Interestingly, the latency increase rate of GSOAP is nearly linear as its data size increases, i.e. if the data size doubles, the latency nearly doubles as well. GSOAP’s poor performance with large payloads stems largely from its XML representation for sequences, which (de)marshals each element of a sequence using a verbose text-based format rather than (de)marshaling the sequence as a whole like DDS and CORBA.

2 Throughput Results

Benchmark design. Throughput is another important performance metric for DRE information management systems. The primary goals of our throughput tests, therefore, were to measure how well each DDS implementation handles scalability, how different communication models (e.g. unicast, multicast, and broadcast) affect performance, and how synchronous (wait-based) and asynchronous (listener-based) perform with these communication models. To maximize scalability in our throughput tests, the publisher and subscriber(s) reside in different processes on different hosts.

In the remainder of this subsection we first evaluate the performance results of individual DDS implementations[2] as we vary the communication models they support, as per the constraints outlined in Table 1. We then compare the multicast performance of DDS1 and DDS2, as well as the unicast performance of DDS1 and DDS3, which are the only common points of evaluation at this point.
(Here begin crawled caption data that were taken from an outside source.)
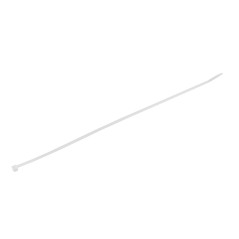 Strypklämmor 4,8 x 370 mm, 75 st, vita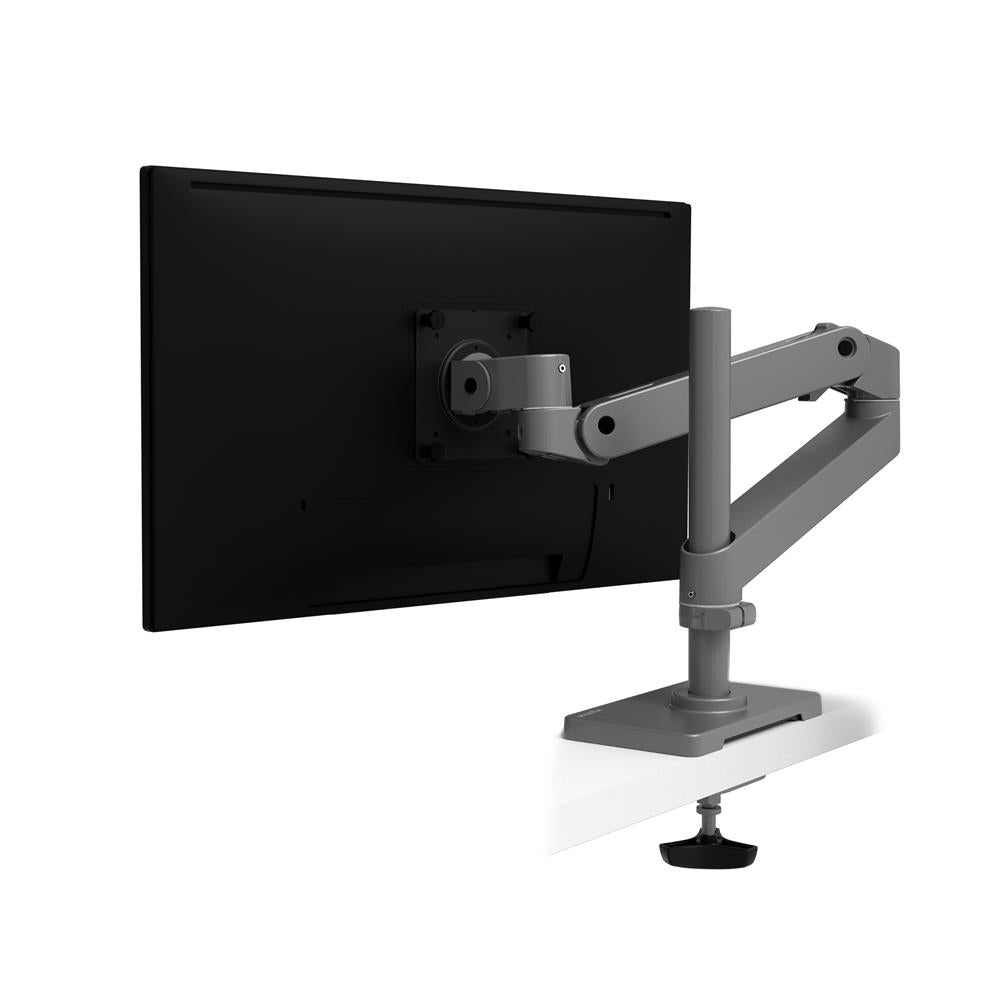 Ergotron LX PRO DIG – Monitorarm, Tischdurchführung, hohe Säule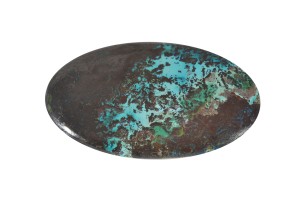 Azuryt 57x35mm 25,8g. 32.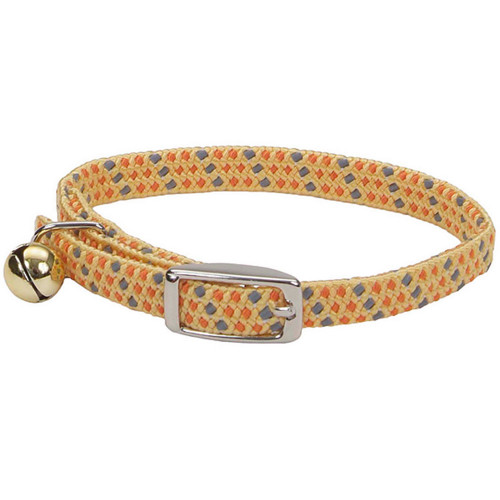 Нашийник Coastal Lit'l Pals Reflective Kitten для кошенят, жовтий, 0.8×20 см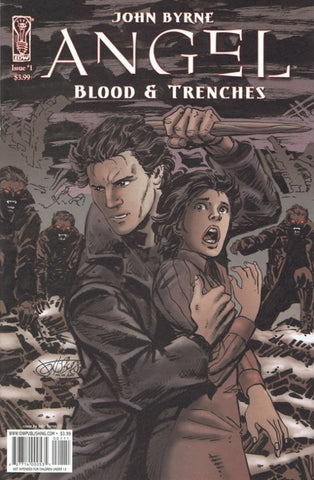 Angel: Blood & Trenches #01 (2009) Mini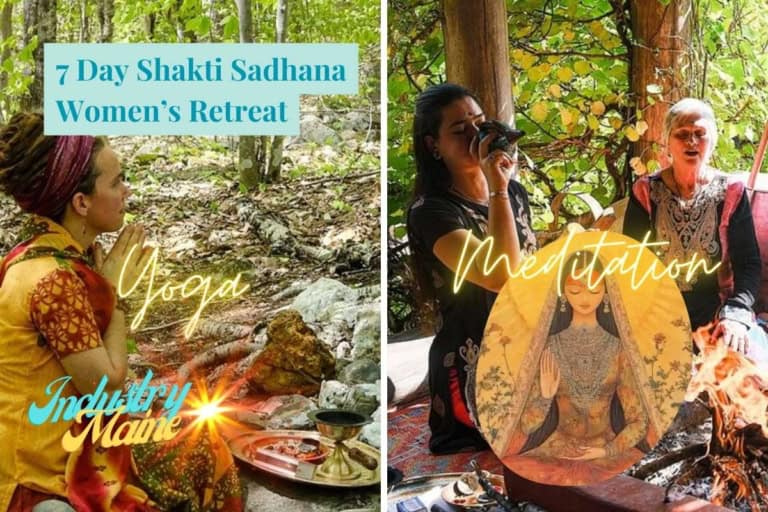 7 Day Shakti Sadhana Womens Retreat Industry Maine Yoga Meditation retreat 768x512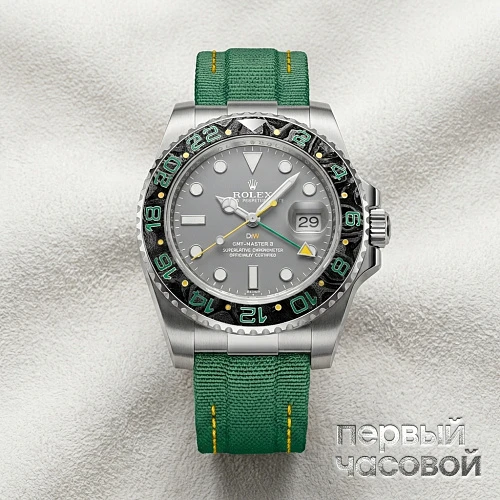 Rolex Gmt-Master Ii Verdant Gray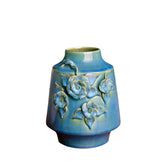 Embossed Ceramic Vase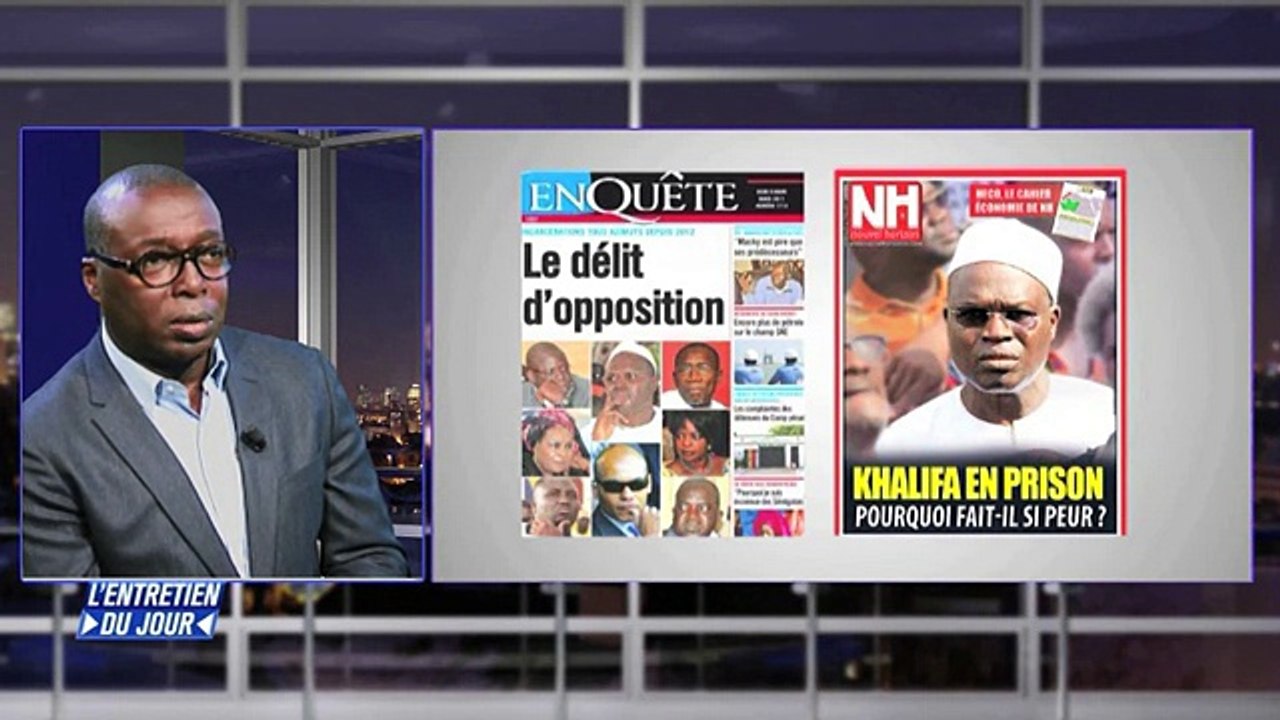 Entretien du Jour avec Malick YOUM télésud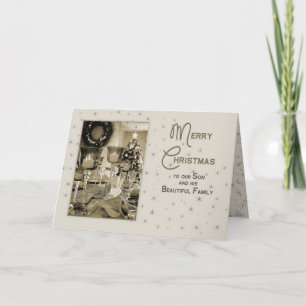 WEIHNACHTEN - Sohn u. Familie - SCHÖN EINZIGARTIG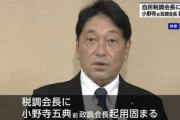 【悲報】自民党･宮沢洋一税制調査会長の後任に小野寺五典氏起用へ 年収の壁引き上げに否定的だった人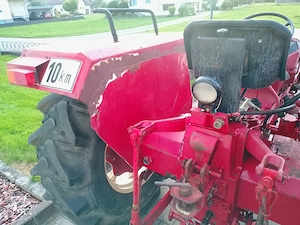 Traktor MC Cormick  Bild 4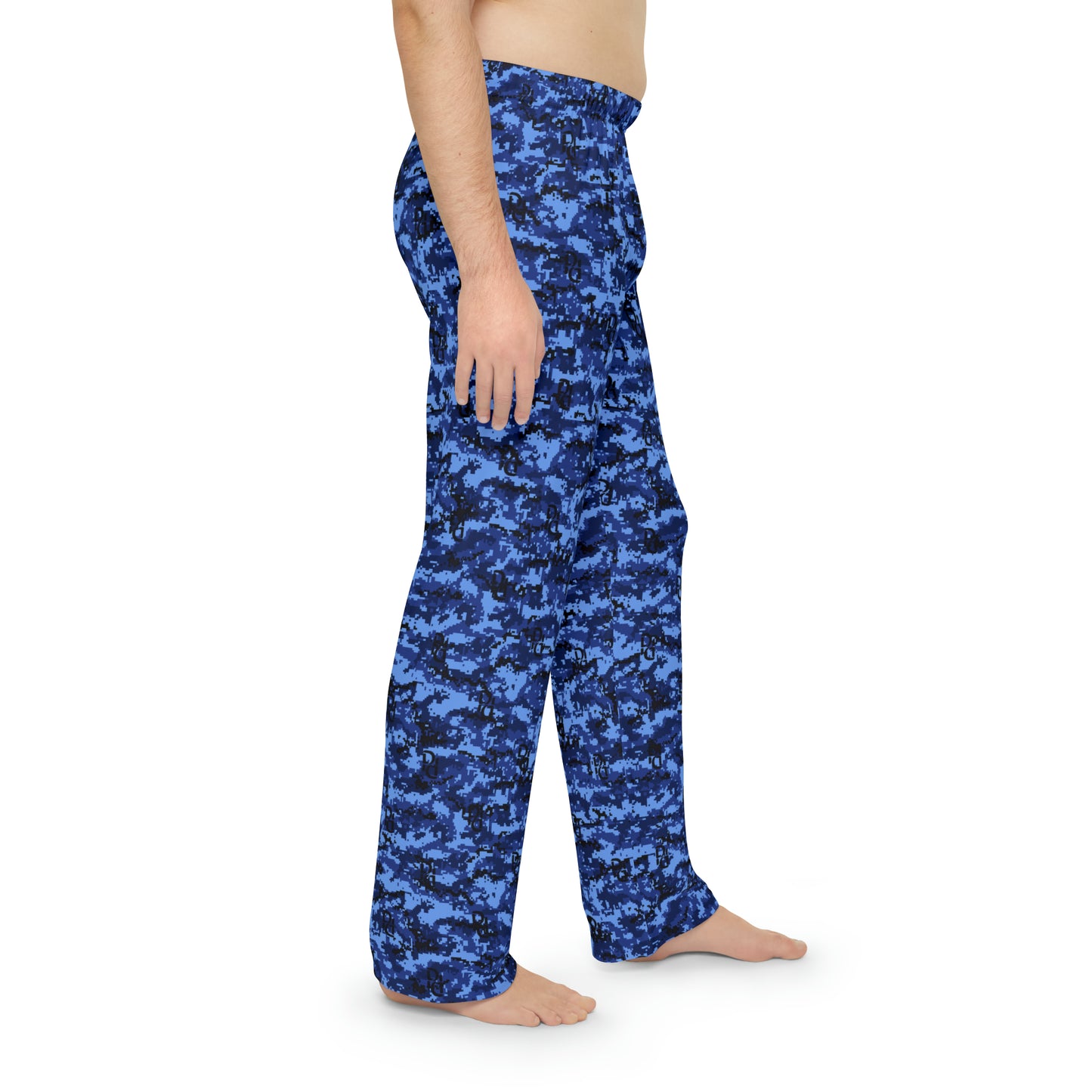 Phallacy Camo Designer Men's Pajama Pants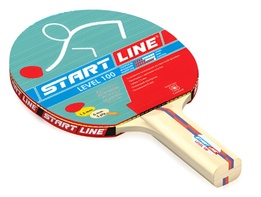 Ракетка для настольного тенниса start line level 100 прямая control - fgospostavki.ru - Обнинск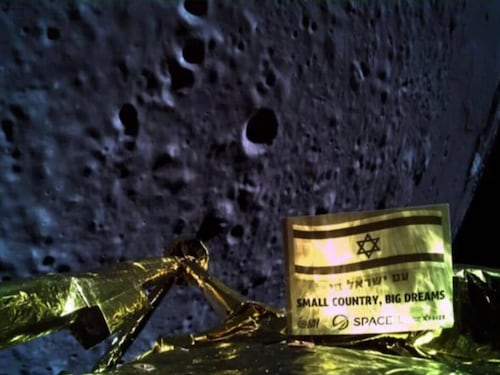 Niente Luna per Israele: la sonda Beresheet si è schiantata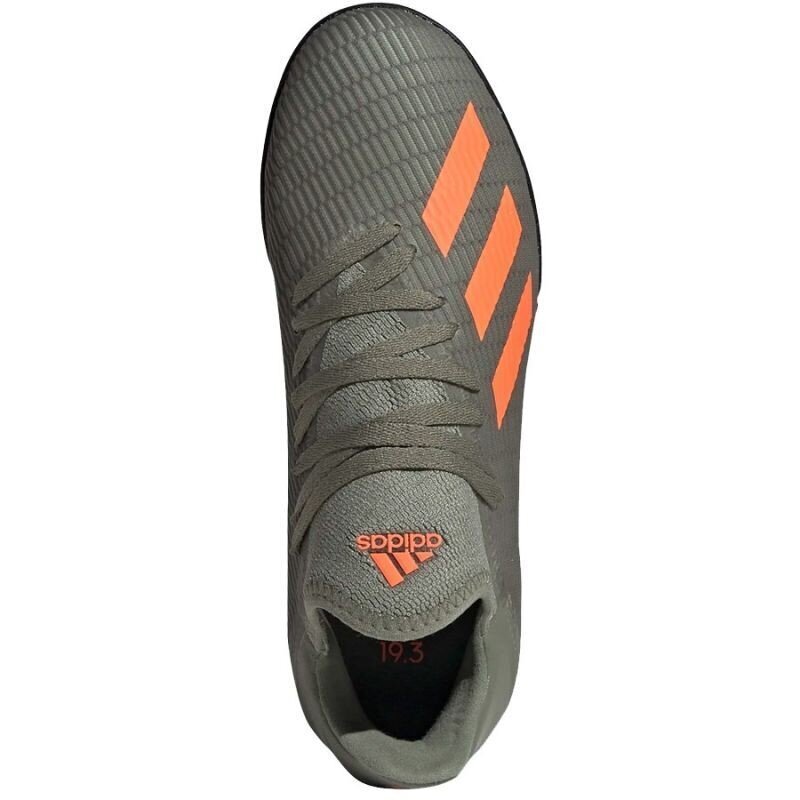 Futbolo bateliai bernukams, Adidas X 19.3 IN JR EF8376 kaina ir informacija | Futbolo bateliai | pigu.lt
The following sections will demonstrate our results for throughput. For each figure, we include a small text box with a brief description of the DDS QoS used for the current test. Since we are not able to list the settings for every QoS parameter, any parameter that is not mentioned in the box uses the default value specified in the specification [6]. Note that we have chosen the best effort QoS policy for data delivery reliability, as mentioned in section 1. The reason we focus our test on best effort is that we are measuring against the QoS policy for DRE information management where (1) information are updated frequently and (2) the overhead of retransmitting lost data samples is precluded.

1 DDS1 Unicast/Multicast

Results Figures 12 shows the results of our scalability tests for DDS1 unicast/multicast with 1 publisher and multiple subscribers. These figures show that unicast performance degrades drastically when scaling up, whereas multicast scales up without affecting throughput significantly.

[pic]

Figure 12: DDS1 Unicast vs Multicast

Analysis. Figure 12 indicates that the overhead of unicast leads to performance degradation as the number of subscribers increases since the middleware sends a copy to each subscriber. It also indicates how multicast improves scalability since only one copy of the data is delivered regardless of how many recipients in the domain subscribe.

2 DDS2 Broadcast/Multicast

Results. Figure 13 shows the scalability test results for DDS2 broadcast/multicast with 1 publisher and multiple subscribers (i.e., 4, and 12). This figure shows that both multicast and broadcast scales well as the number of subscribers increases and multicast performs slightly better than broadcast.

Analysis. Figure 13 indicates that sending messages to a specific address group rather than every node in the subnet is slightly more efficient.

[pic]

Figure 13: DDS2 Multicast vs Broadcast

3 Comparing DDS Implementation Performance

Results. Figure 14 shows multicast performance comparison of DDS1 and DDS2 with 1 publisher and 12 subscribers. Since DDS3 does not currently support multicast we omit it from the comparison. Figure 15 shows unicast performance comparison of DDS1 and DDS3. Since DDS2 does not support unicast we also omit it from this comparison.

Analysis. Figures 14 and 15 indicate that DDS1 outperforms DDS2 for smaller data sizes. As the size of the payloads increase, however, DDS2 performs better. It appears that the difference in the results stems from the different distribution architectures used to implement DDS1 and DDS2, which are the decentralized and federated architectures, respectively.

[pic]

Figure 14: 1-12 DDS1 Multicast vs. DDS2 Multicast

[pic]

Figure 15: 1-12 DDS1 Unicast vs. DDS3 Unicast

4 Comparing Wait-based vs Listener-based Notification Mechanisms

Benchmark design.

Results.. Figure 16 shows the performance comparisons of listener-based and wait-based notification mechanisms. This figure shows that for DDS1, listener-based notification outperforms wait-based notification, and for DDS2, there is no consistent difference between the two.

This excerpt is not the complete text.